The Nigerian securities regulator announced on June 21 that it had updated the digital asset rules to expand their scope and introduced an accelerated process for onboarding virtual asset service providers. The Accelerated Regulatory Incubation Programme provides VASPs with insights into the Commission’s expectations before they fully commence operations.
Regulator Threatens Enforcement Action Against Non-Compliant VASPs
The Nigerian Securities and Exchange Commission (NSEC) is revising rules that govern virtual asset service providers (VASPs) to “expand the scope of regulation in line with current realities.” As part of this effort, the NSEC has introduced the Accelerated Regulatory Incubation Programme (ARIP) for onboarding VASPs.
In a circular issued on June 21, the NSEC directed all operating and prospective VASPs to visit its e-portal and complete the application process within 30 days.
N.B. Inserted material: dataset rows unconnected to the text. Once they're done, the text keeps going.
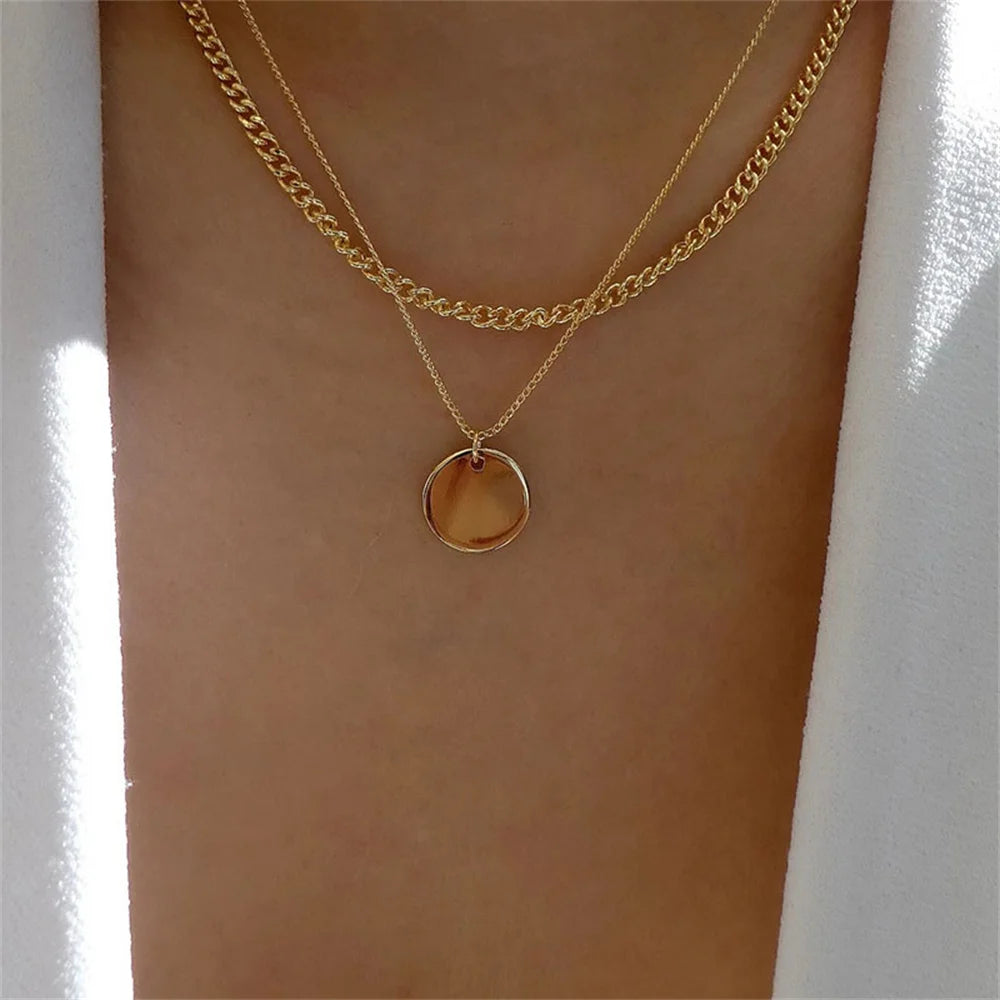 Multilevel Gold Crystal Heart-shaped Necklace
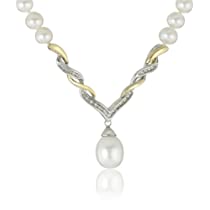 S&G Sterling Silver and 14k Yellow Gold Freshwater Cultured Pearl and Diamond Drop Necklace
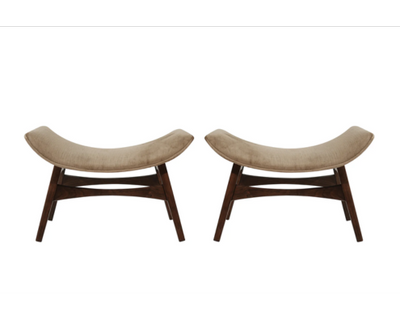 Mid-Century Danish Modern Curved Stools, Circa 1950s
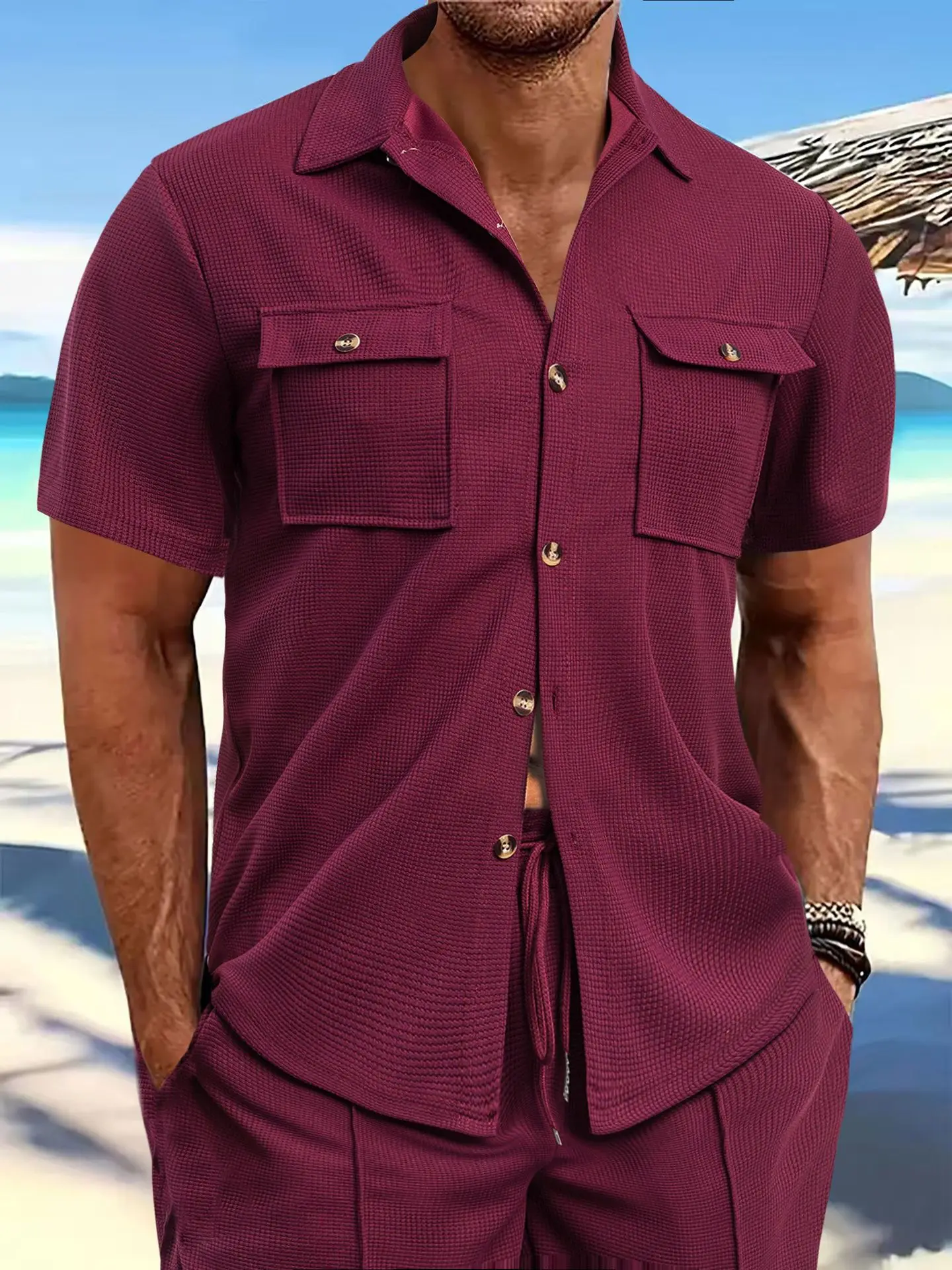 Summer Men's Waffle short-sleeved loose shirt Casual solid color lapel button pocket Stylish All-match comfortable shirt top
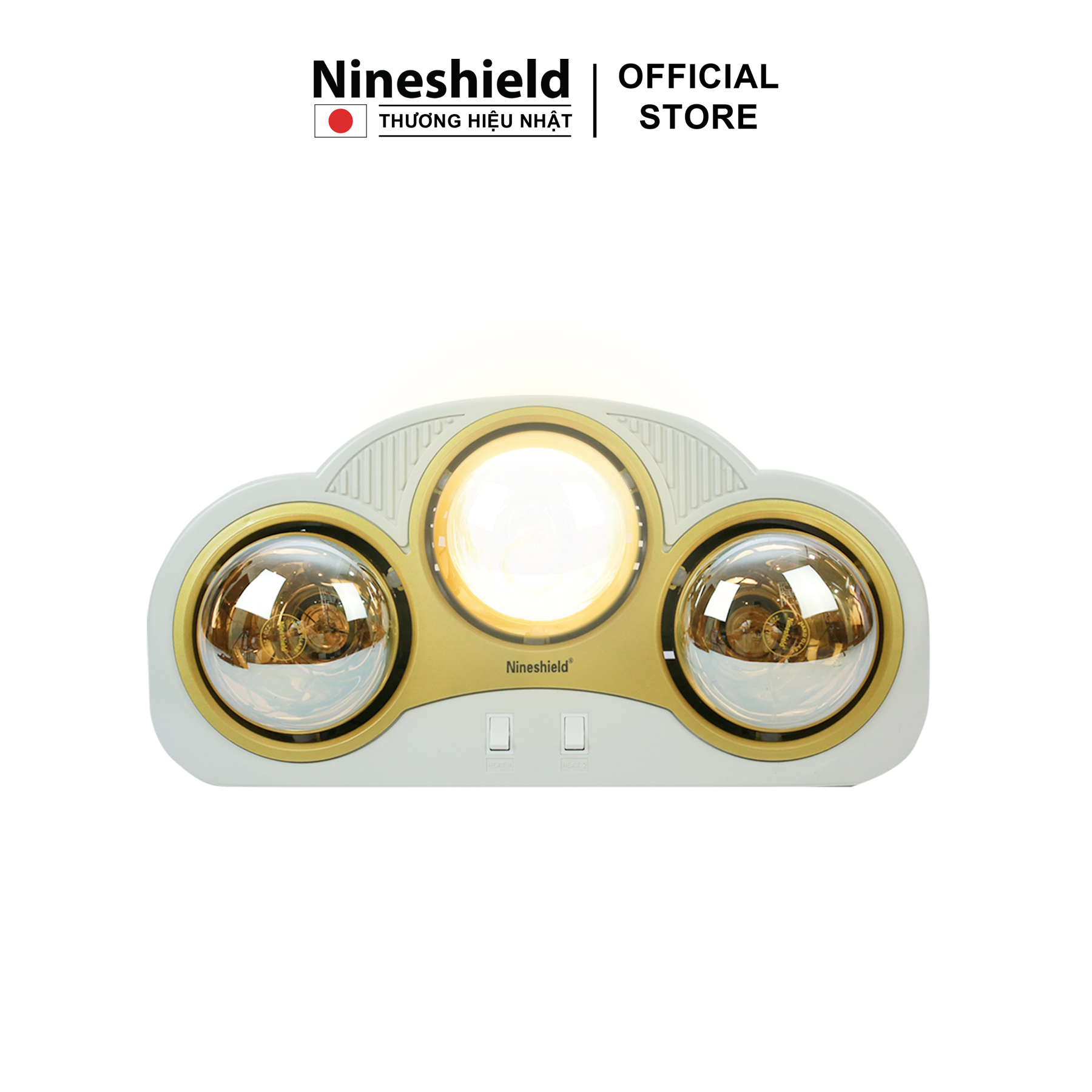 Đèn sưởi nhà tắm 3 bóng hàng chính hãng Nineshield NS033B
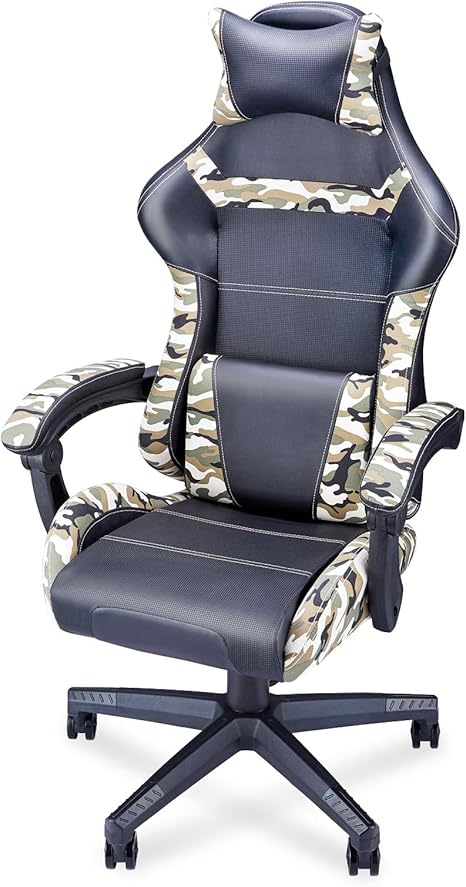 Amazon Com Camouflage Gaming Chair Camo Computer Video Game Chairs Office Chair Big And Tall Adjustable Armrest Comfortable Carbon Fiber Pu Leather With Headrest Lumbar Support For Men Boys Adults Teens Kids Ps4 Kitchen Dining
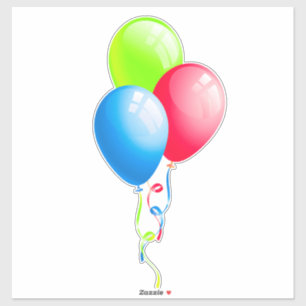 Farbige Ballons mit Ribbons Aufkleber
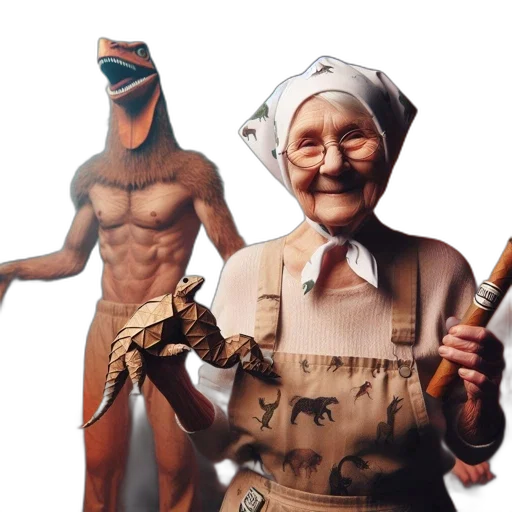 concept art, two, characters, interact, dimly, lit, room, one transparent PNG cut-out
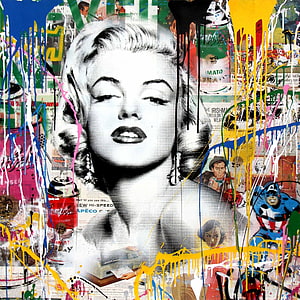 Marilyn Monroe Pop Art Collage with Vibrant Paint Splatters and Street Art Elements HD phone wallpaper
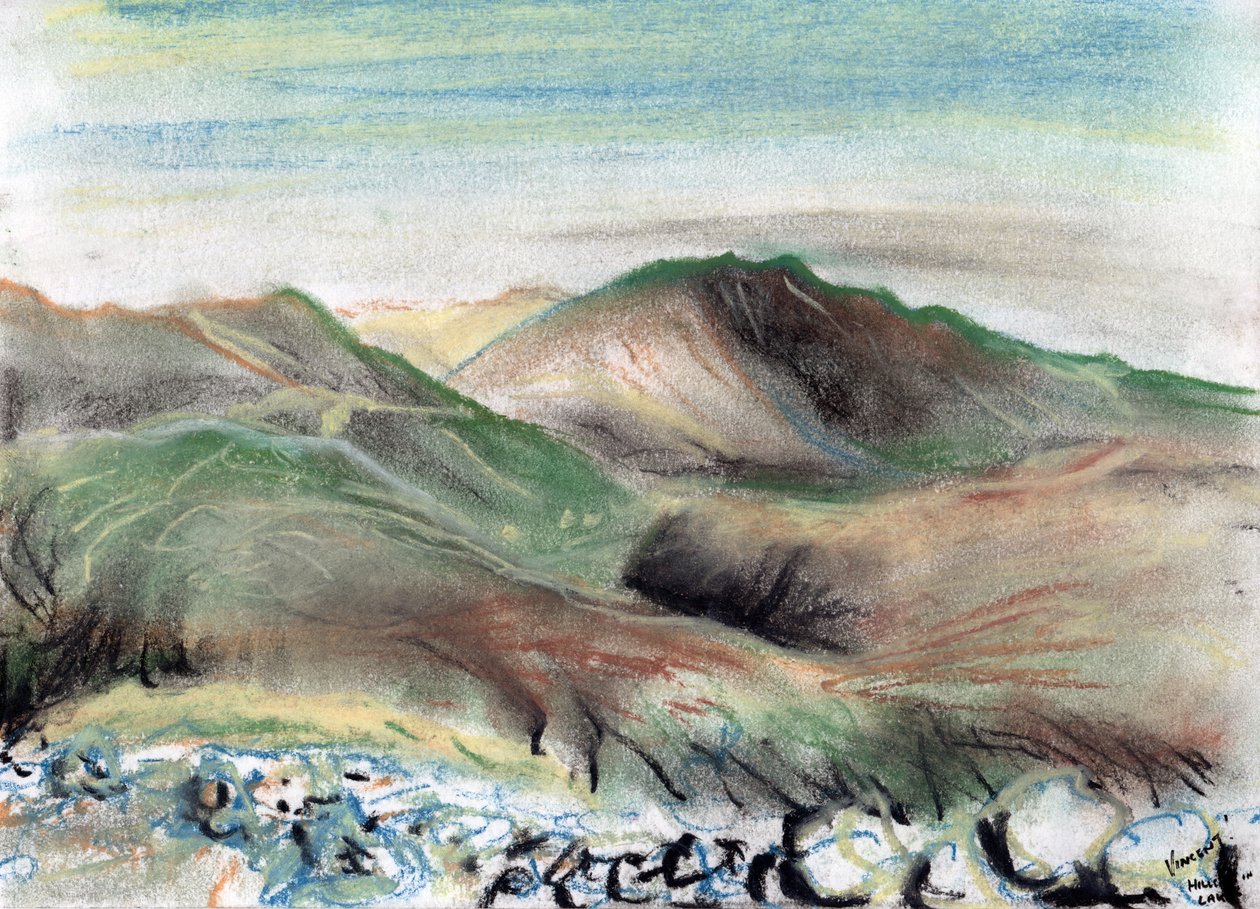 Hills in the Lake District, 2005, (pastelli paperille) tekijältä Vincent Alexander Booth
Failure to comply with these directives will result in enforcement action by the regulator.
The 13-page ARIP framework states that the objective of this program is to expedite the onboarding of entities that have submitted applications to the Commission. It allows applying entities to receive approval in principle from the Nigerian SEC while awaiting the operationalization of the Digital Assets Rules.
ARIP to Assist the Commission in Understanding Digital Asset Business Models
Additionally, the ARIP provides VASPs with insights into the Commission’s expectations before they fully commence operations.
“It will also provide an opportunity for the Commission to further understand the digital asset business models in order to enhance its regulations to ensure it adequately addresses issues surrounding market integrity, investor protection, and money laundering,” the ARIP framework document said.
Strict Penalties for Non-Compliance Detailed
The Nigerian SEC also reveals the penalties it plans to impose on non-compliant ARIP participants. For example, the Commission mandates that non-compliant VASPs will face a penalty of at least $3,370 (NGN 5,000,000) initially. They will also incur an additional penalty of about $134 for each day of continued non-compliance.
For commercialized VASPs operating without authorization, the NSEC has stated that a penalty of no less than $13,500 will apply. Brokers, market makers, and advisers operating without authorization will have to pay a fine of at least $6,750, according to the Commission.